When is a “spatial” process actually induced by the analyst

  • Sometimes when we use spatial data, we jump to spatial statistical methods because of the widely cited first law of geography, that nearby observations are more likely to be similar than those further away

  • But maybe what we see as clustering, patchiness, pattern, that looks spatial is actually mis-specification, such as a missing covariate, and/or inappropriate functional form, and/or including variables acting at different scales, and/or consequences of suboptimal bounding of tesselated observations …

  • Here, we’ll first look at the consequences of treating inhomogeneous points as homogeneous (the intensity trends upwards with x)

  • Then we’ll use those points to see what happens in adding a similar trend to a random variable; empirical variograms are constructed ignoring and including the trend, and tests for global and local spatial autocorrelation are calculated

Spatial point processes

We can start by using spatstat (Baddeley, Rubak, and Turner 2015) to generate completely spatially random (CSR) points with intensity increasing with x to introduce trend inhomogeneity in a unit square (note the use of set.seed():

suppressPackageStartupMessages(library(spatstat))
intenfun <- function(x, y) 200 * x
set.seed(1)
(ihpp <- rpoispp(intenfun, lmax = 200))
## Planar point pattern: 95 points
## window: rectangle = [0, 1] x [0, 1] units
plot(density(ihpp), axes=TRUE)
points(ihpp, col="green2", pch=19)

We can use \(\hat{K}\) tests ignoring and including inhomogeneity to adapt the test to the underlying data generation process.
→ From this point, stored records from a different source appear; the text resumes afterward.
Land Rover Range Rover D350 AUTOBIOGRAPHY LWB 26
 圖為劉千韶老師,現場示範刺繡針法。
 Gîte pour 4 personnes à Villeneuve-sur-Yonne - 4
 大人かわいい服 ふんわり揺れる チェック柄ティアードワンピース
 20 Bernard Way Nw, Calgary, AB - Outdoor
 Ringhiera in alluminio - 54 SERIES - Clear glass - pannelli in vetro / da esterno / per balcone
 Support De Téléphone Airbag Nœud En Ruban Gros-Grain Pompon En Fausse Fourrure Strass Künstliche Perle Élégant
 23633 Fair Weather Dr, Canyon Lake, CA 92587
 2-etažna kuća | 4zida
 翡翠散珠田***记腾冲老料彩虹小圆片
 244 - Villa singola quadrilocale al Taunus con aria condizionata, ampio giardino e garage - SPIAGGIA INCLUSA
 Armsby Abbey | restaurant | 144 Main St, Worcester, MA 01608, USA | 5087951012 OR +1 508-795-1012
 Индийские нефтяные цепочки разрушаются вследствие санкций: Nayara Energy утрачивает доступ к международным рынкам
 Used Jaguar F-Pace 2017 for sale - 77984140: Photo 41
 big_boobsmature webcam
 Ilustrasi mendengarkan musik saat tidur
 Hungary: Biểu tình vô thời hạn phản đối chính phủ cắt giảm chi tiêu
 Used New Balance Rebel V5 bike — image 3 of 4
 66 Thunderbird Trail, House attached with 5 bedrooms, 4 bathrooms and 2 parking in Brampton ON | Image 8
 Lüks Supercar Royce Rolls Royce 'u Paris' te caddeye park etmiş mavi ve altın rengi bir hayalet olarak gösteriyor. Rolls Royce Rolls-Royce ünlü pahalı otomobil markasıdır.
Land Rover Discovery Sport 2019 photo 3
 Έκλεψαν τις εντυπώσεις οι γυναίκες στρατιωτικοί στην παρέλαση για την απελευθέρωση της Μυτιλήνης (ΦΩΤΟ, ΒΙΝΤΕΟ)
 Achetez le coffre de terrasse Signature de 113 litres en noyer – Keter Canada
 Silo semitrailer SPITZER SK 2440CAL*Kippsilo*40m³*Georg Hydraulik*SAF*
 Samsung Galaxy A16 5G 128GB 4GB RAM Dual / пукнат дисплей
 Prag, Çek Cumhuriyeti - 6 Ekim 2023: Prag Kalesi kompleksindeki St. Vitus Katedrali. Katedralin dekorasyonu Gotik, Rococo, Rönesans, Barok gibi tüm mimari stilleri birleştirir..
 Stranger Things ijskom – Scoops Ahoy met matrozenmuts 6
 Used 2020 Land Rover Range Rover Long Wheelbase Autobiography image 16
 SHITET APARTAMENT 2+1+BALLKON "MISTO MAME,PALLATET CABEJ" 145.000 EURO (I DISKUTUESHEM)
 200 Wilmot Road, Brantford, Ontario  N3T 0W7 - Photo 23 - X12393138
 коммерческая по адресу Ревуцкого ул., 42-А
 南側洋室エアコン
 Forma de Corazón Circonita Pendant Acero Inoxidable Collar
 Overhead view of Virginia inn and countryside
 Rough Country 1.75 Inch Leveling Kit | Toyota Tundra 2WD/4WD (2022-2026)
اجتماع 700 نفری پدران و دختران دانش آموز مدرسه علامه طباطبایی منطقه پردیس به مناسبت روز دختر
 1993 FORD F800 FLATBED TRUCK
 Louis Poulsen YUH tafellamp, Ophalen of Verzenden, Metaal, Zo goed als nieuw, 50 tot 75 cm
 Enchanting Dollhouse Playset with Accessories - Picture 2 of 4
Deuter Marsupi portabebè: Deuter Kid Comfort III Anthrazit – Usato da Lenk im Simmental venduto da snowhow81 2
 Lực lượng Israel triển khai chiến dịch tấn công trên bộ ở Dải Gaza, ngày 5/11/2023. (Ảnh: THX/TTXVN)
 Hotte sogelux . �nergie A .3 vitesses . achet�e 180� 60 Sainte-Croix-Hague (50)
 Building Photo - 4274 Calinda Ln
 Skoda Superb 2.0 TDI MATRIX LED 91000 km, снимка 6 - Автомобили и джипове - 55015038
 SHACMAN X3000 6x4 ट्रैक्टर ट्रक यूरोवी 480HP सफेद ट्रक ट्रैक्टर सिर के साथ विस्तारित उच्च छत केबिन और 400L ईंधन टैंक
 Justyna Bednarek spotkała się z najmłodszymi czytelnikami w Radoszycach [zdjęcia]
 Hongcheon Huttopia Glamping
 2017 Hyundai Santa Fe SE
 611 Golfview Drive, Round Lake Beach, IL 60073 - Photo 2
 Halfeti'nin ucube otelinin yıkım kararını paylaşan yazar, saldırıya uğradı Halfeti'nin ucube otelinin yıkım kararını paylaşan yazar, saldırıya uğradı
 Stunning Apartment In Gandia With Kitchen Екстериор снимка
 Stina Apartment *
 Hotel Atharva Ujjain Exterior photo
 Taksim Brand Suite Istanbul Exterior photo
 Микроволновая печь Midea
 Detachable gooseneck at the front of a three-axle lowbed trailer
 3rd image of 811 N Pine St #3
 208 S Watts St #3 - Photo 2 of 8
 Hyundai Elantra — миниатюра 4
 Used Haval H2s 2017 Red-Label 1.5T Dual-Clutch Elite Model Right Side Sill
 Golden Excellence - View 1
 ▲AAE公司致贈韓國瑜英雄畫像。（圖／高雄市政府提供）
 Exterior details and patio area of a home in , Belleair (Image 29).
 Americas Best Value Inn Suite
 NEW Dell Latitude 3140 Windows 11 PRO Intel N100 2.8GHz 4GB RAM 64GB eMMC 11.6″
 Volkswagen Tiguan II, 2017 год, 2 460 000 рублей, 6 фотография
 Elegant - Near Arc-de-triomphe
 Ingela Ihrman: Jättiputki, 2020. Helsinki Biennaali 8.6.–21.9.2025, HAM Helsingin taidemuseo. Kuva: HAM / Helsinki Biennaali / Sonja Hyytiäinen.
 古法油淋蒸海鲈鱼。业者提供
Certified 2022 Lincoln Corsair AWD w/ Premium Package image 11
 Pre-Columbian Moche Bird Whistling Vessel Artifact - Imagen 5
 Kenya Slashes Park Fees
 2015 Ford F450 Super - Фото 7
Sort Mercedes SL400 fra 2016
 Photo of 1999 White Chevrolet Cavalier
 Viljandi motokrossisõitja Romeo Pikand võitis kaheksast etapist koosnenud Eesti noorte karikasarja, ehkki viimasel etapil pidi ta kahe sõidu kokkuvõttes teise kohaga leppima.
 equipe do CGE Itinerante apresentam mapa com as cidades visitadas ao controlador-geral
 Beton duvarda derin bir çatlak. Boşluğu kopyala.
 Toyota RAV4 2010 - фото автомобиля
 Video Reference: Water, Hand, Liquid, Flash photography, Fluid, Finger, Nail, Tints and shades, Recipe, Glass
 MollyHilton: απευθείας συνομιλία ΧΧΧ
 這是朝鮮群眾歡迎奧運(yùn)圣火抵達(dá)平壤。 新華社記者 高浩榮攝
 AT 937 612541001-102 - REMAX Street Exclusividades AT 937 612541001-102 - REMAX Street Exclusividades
The homogeneous test examines the divergence from a theoretical CSR at distance bins, the inhomogeneous tries to guess the kind of patterning in the relative positions of the point observations. If we ignore the inhomogeneity, we find significant clustering at most distances, with the opposite finding when using the test attempting to accommodate inhomogeneity:

opar <- par(mfrow=c(1,2))
plot(envelope(ihpp, Kest, verbose=FALSE), main="Homogeneous")
plot(envelope(ihpp, Kinhom, verbose=FALSE), main="Inhomogeneous")

par(opar)

Adding a y trend variable

Coercing the spatstat "ppp" object to an sf "sf" object is trivial, but first adds the window of the point process, which we need to drop by retaining only those labelled "point". Then we take the x coordinate and use it to create y, which trends with x; the DGP is not very noisy.

library(sf)
## Linking to GEOS 3.7.2, GDAL 3.0.0, PROJ 6.1.1
#st_as_sf(ihpp) %>% dplyr::filter(label == "point") -> sf_ihpp
st_as_sf(ihpp) ->.; .[.$label == "point",] -> sf_ihpp
crds <- st_coordinates(sf_ihpp)
sf_ihpp$x <- crds[,1]
sf_ihpp$y <- 100 + 50 * sf_ihpp$x + 20 * rnorm(nrow(sf_ihpp))
plot(sf_ihpp[,"y"], pch=19)

Variogram model

Variograms for models ignoring (y ~ 1) and including (y ~ x) the trend; if we ignore the trend, we find spurious relationships, shown by loess() fits

suppressPackageStartupMessages(library(gstat))
vg0 <- variogram(y ~ 1, sf_ihpp)
vg1 <- variogram(y ~ x, sf_ihpp)
opar <- par(mfrow=c(1,2))
plot(gamma ~ dist, vg0, ylim=c(0,550), main="Trend ignored")
s <- seq(0, 0.5, 0.01)
p0 <- predict(loess(gamma ~ dist, vg0, weights=np), newdata=data.frame(dist=s), se=TRUE)
lines(s, p0$fit)
lines(s, p0$fit-2*p0$se.fit, lty=2)
lines(s, p0$fit+2*p0$se.fit, lty=2)
plot(gamma ~ dist, vg1, ylim=c(0,550), main="Trend included")
p1 <- predict(loess(gamma ~ dist, vg1, weights=np), newdata=data.frame(dist=s), se=TRUE)
lines(s, p1$fit)
lines(s, p1$fit-2*p1$se.fit, lty=2)
lines(s, p1$fit+2*p1$se.fit, lty=2)

par(opar)

Spatial autocorrelation

Going on from a continuous to a discrete treatment of space, we can use functions in spdep to define neighbours and then test for global and local spatial autocorrelation. Making first a triangulated neighbour objects, we can thin out improbable neighbours lying too far from one another using a sphere of influence graph to make a symmetric neighbour object:

suppressPackageStartupMessages(library(spdep))
nb_tri <- tri2nb(crds)
(nb_soi <- graph2nb(soi.graph(nb_tri, crds), sym=TRUE))
## Neighbour list object:
## Number of regions: 95 
## Number of nonzero links: 302 
## Percentage nonzero weights: 3.34626 
## Average number of links: 3.178947

The sphere of influence graph generates three subgraphs; a bit unfortunate, but we can live with that (for now):

plot(nb_soi, crds)